**How to complete this task:**
In the material below, begin at the line that has "A set of six", stop after the line that has "A late Victorian", and transcribe those lines exactly, without pictures.

**Source data:**
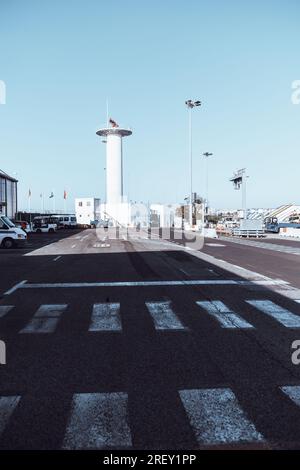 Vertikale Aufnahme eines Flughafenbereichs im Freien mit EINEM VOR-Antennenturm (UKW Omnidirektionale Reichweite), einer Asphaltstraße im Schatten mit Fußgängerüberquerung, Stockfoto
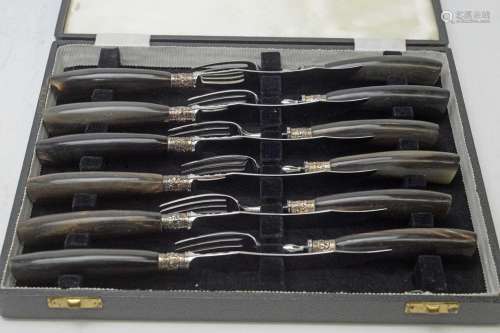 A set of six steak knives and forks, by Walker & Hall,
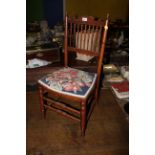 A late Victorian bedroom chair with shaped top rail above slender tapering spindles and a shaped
...
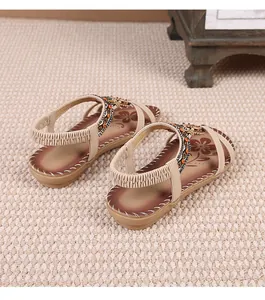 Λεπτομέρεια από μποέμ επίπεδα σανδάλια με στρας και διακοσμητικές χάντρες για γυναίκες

**Exercise result:**
 A set of six steak knives and forks, by Walker & Hall,
 A late Victorian bedroom chair with shaped top rail above slender tapering spindles and a shaped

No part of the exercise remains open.